**WORK INSTRUCTIONS**
Please, without any pictures, transcribe the lines from the one holding "Bed and Breakfast" to the end of the listing, both ends included.
──────── EXTRACTED MATERIAL
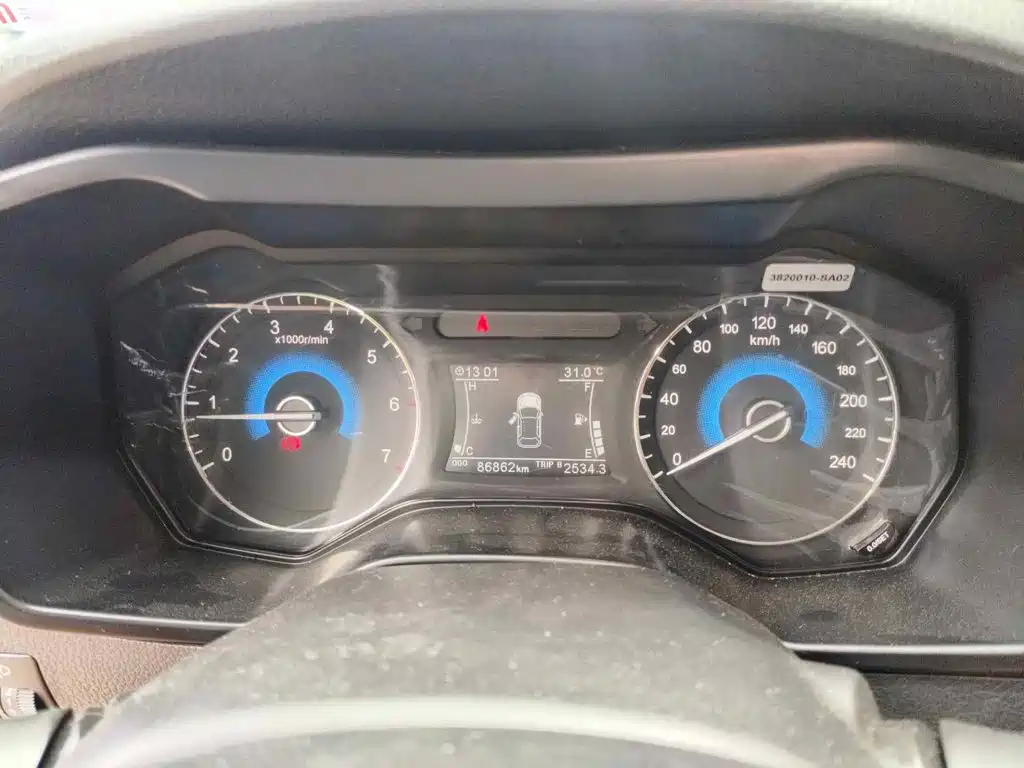 Dongfeng Fengguang Fengguang 580 2016 2016 Model 1.5T Manual Luxury Version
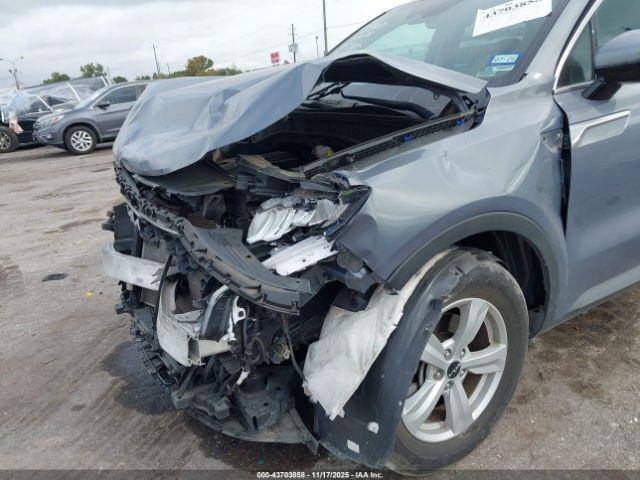 Kia Sorento Lx Image 9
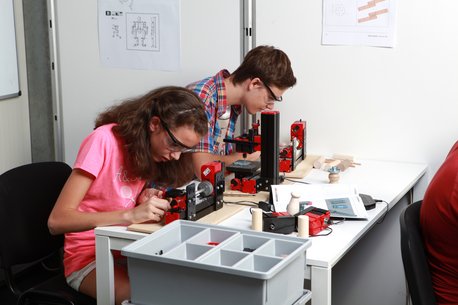 UNIMAT Sekundarstufe, Schüler beim Arbeiten mit UNIMAT Maschinen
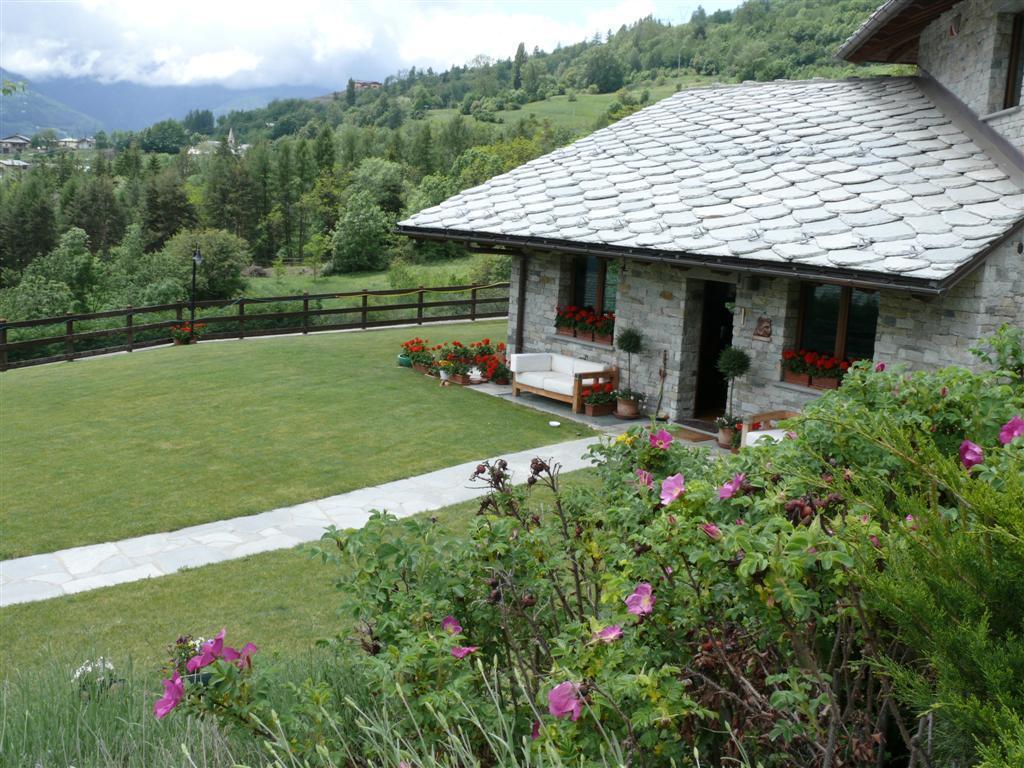 Bed and Breakfast Mon Reve Аоста Экстерьер фото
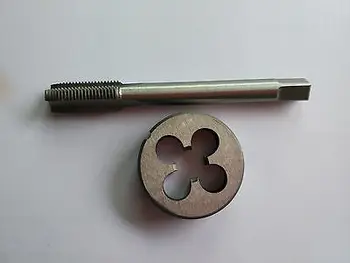 1 stk HSS M10 X 1.0 mm-Stik til Venstre og Tryk på 1 M10 X 1,0 mm Venstre Dør Threading Værktøj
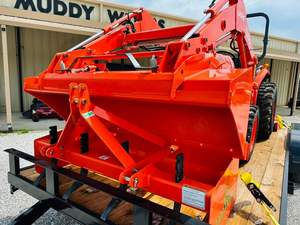 รถแทรกเตอร์ล้อ4WD สำหรับ Kubota ส่วนประกอบหลักของเครื่องยนต์และกระปุกเกียร์ที่ทนทาน - Product Image 2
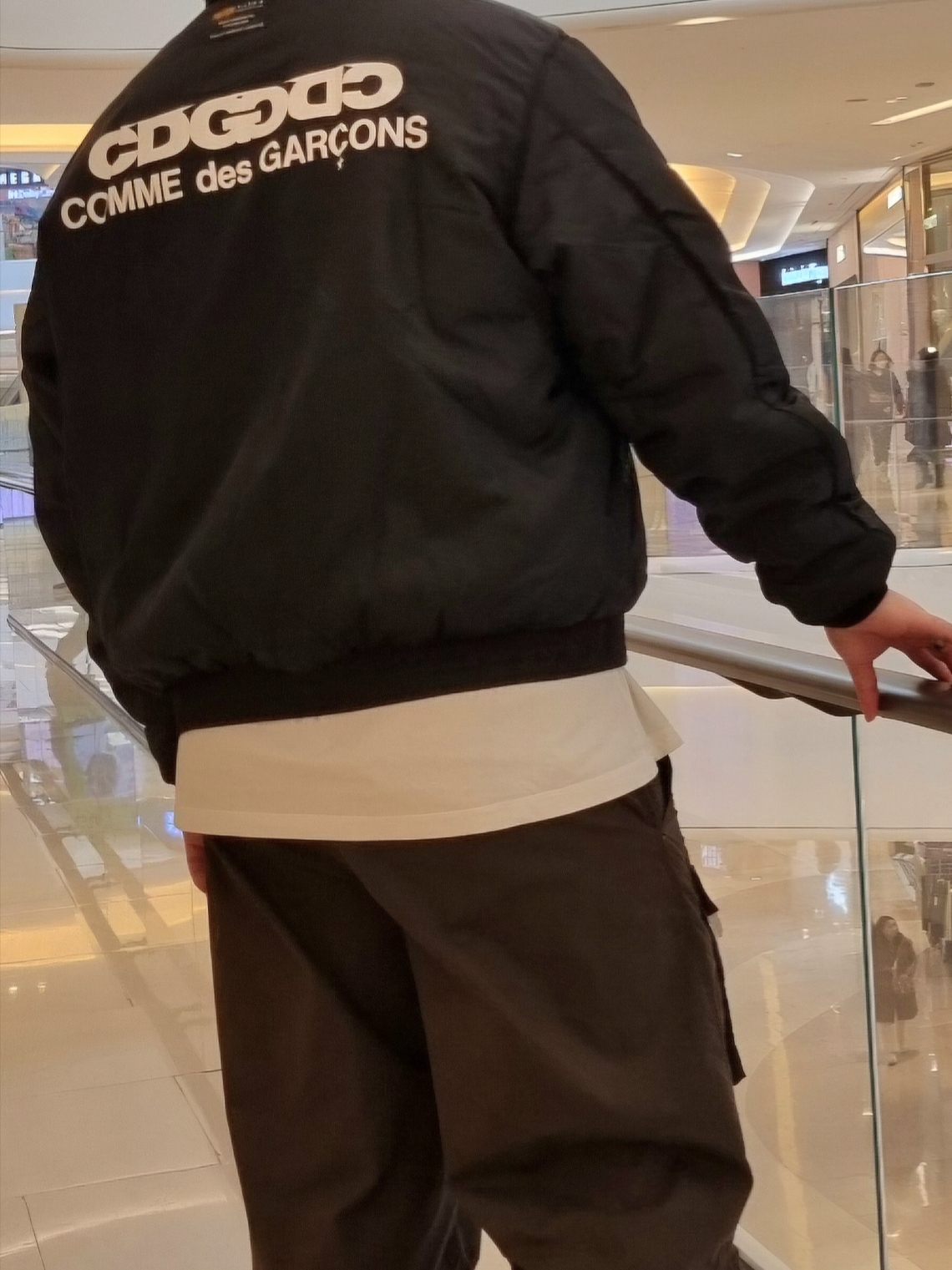 CDG x Alpha Industries Wep Jacket Black, Maison Mihara Yasuhiro Wayne OG Sole Leather Low-top Sneakers Black 착용 스타일 - 1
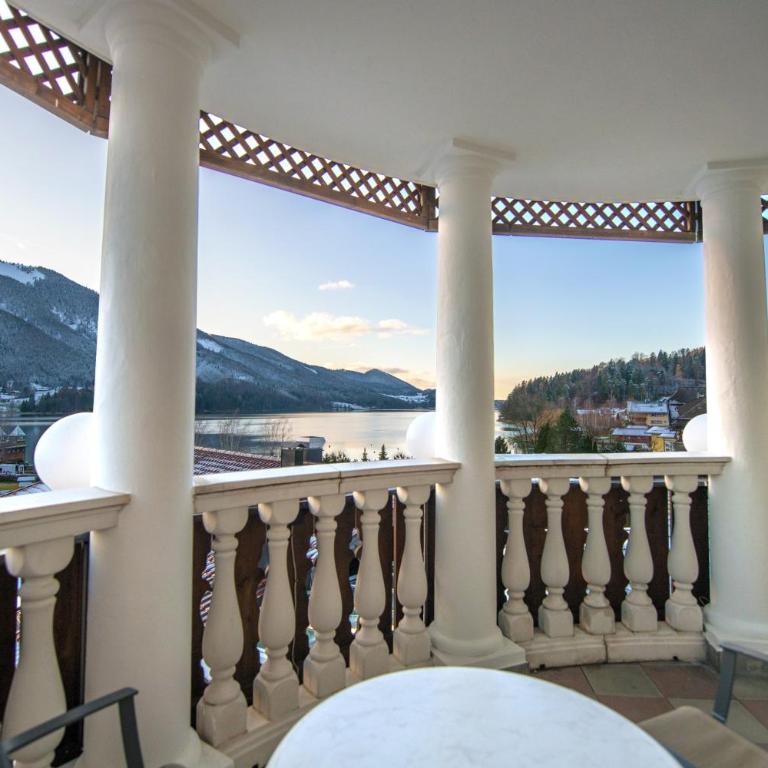 Waldhof Fuschlsee Resort - Suite Tower mit Balkon und Seeblick - 1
────────────────
**EXERCISE SOLUTION**
 Bed and Breakfast Mon Reve Аоста Экстерьер фото
 1 stk HSS M10 X 1.0 mm-Stik til Venstre og Tryk på 1 M10 X 1,0 mm Venstre Dør Threading Værktøj
 รถแทรกเตอร์ล้อ4WD สำหรับ Kubota ส่วนประกอบหลักของเครื่องยนต์และกระปุกเกียร์ที่ทนทาน - Product Image 2
 CDG x Alpha Industries Wep Jacket Black, Maison Mihara Yasuhiro Wayne OG Sole Leather Low-top Sneakers Black 착용 스타일 - 1
 Waldhof Fuschlsee Resort - Suite Tower mit Balkon und Seeblick - 1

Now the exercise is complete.